• _Exercise data_:
_ _ _ _ _
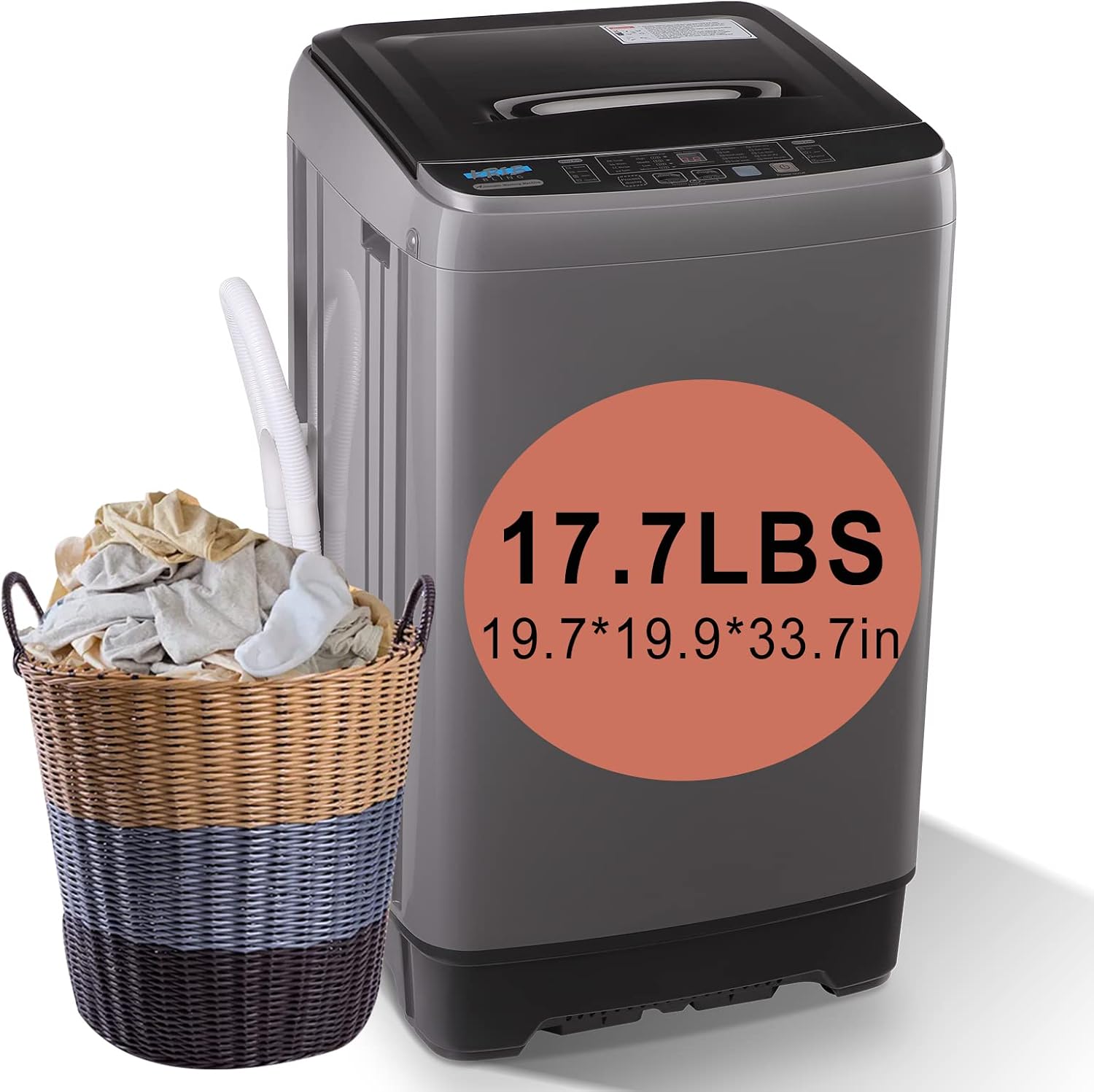 KRIB BLING Full-Automatic Washing Machine with Drain Pump, 17.7 lbs Compact Washer, 10 Wash Program & 8 Water Level, Ideal for Apartment, Dorm, Grey
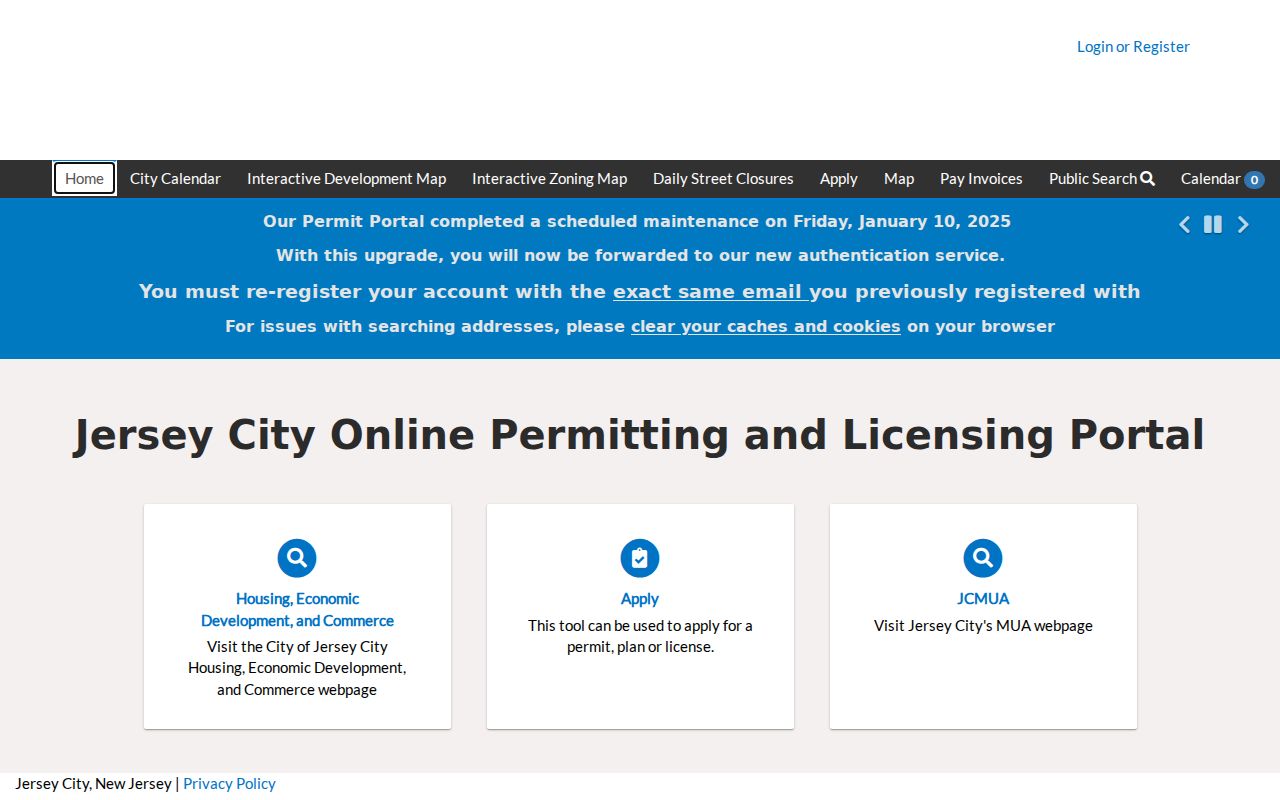 Jersey City street directory public permit portal address search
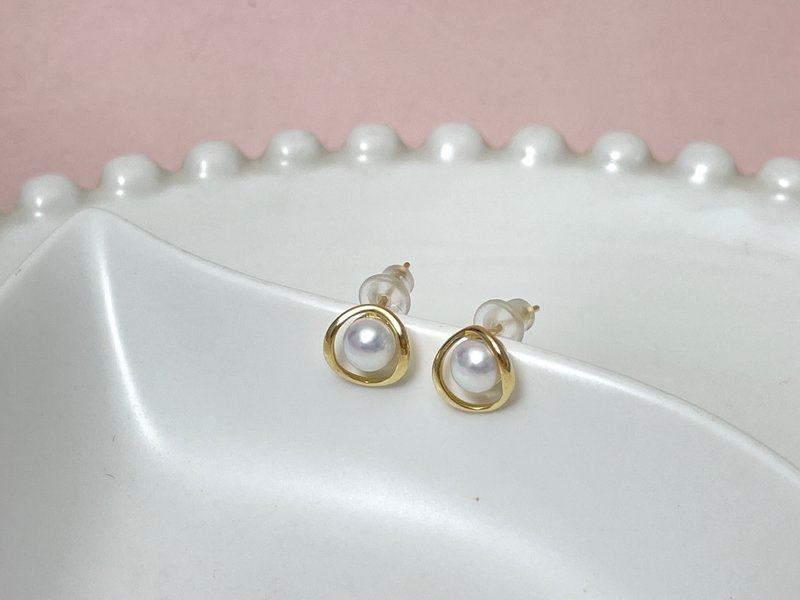 Embrace natural seawater pearl akoya Silver earrings - Earrings & Clip-ons - Pearl White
_ _ _ _ _
• _Exercise instructions_: Give the listing again word for word. Skip any pictures.

• _Output_:
 KRIB BLING Full-Automatic Washing Machine with Drain Pump, 17.7 lbs Compact Washer, 10 Wash Program & 8 Water Level, Ideal for Apartment, Dorm, Grey
 Jersey City street directory public permit portal address search
 Embrace natural seawater pearl akoya Silver earrings - Earrings & Clip-ons - Pearl White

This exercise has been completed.